The object of this investigation was the promotion by root exudates of the growth rate of ectomycorrhizal fungi, discovered by Elias Melin in 1954. Eight ectomycorrhizal and ten non-mycorrhizal species were used as test fungi in the experiments. Different species often reacted differently: none of the eight isolated strains of Suillus luteus were promoted by pineroot exudate, whereas the growth rates of all seven strains of S. granulatus were increased. Among the other ectomycorrhizal species, S. variegatus, Laccaria bicolor, Pisolithus tinctorius and Thelephora terrestris, each represented by only one, two or three strains, usually reacted to the pine root exudate with an increased growth rate; S. bovinus and Paxillus involutus did not respond at all. Hitherto, studies of root-exudate effects on fungi have been based exclusively on the responses of ectomycorrhizal species; in the present study saprotrophic fungi were also used as test organisms. Seven out of ten saprotrophic species reacted with markedly accelerated growth when exposed to a pineroot exudate.
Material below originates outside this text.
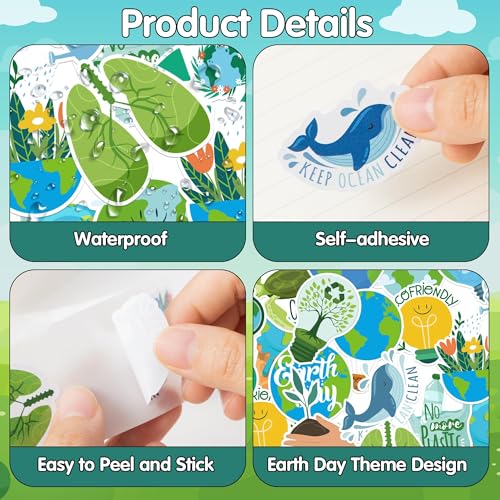 CNhoqc World Earth Day Sticker - 1000Pcs The World Earth's Day Environmental Protection Waterproof Vinyl Reusable Laptop Sticker Roll Coloring Book Scrapbook Water Bottle Page Activity Pad Party Favor - style: World Earth Day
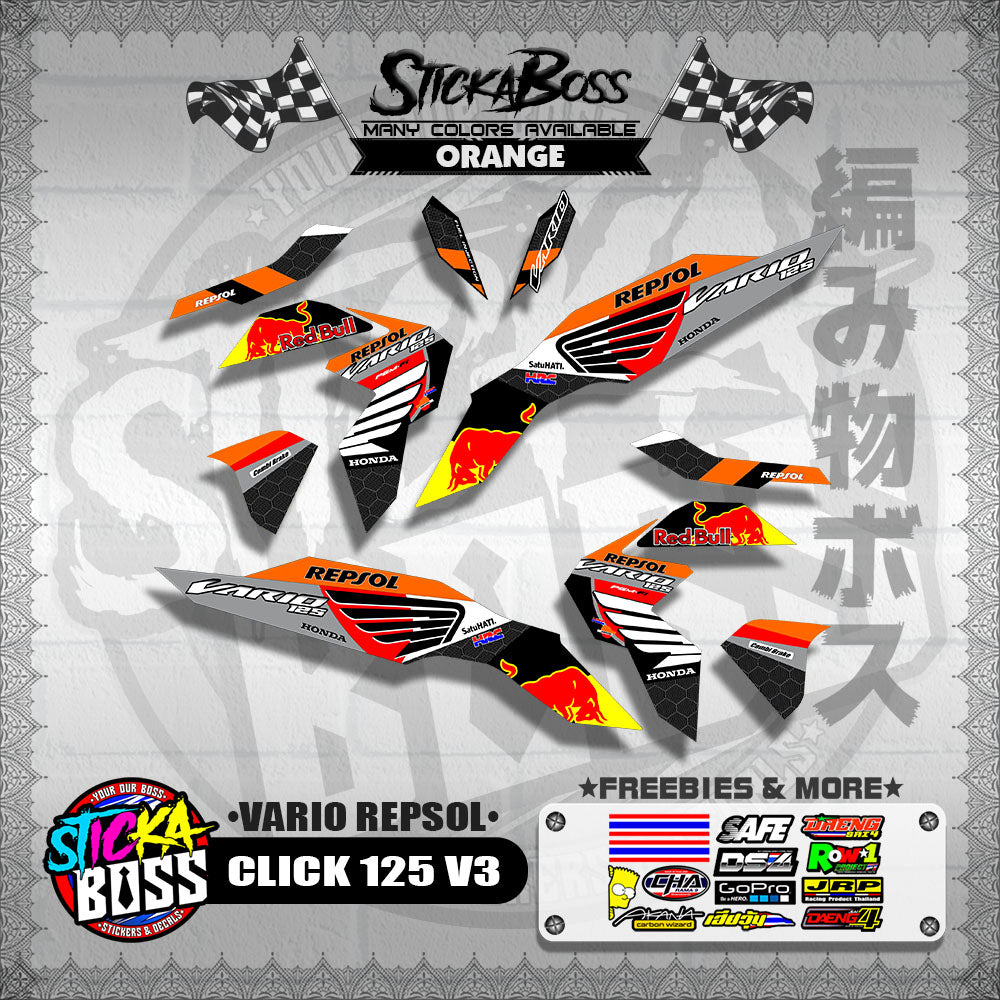 CLICK 125 V3 DECALS ( VARIO REPSOL )【WITH FREEBIES】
Melin's assumption that a constituent of the root exudate, the “M-factor”, could replace the exudate growth-promoting activity was verified. By means of TLC fraction it was found that the fatty acid palmitic acid alone caused an increase in growth rate equal to that of the pine-root exudate. In line with previously published data by Gogala (1970), we also showed that certain cytokinins, especially isopentenylaminopurine, could act as substitutes for the total root exudate. Thus both palmitic acid and isopentenylaminopurine are able to function as M-factors equivalent to a root exudate.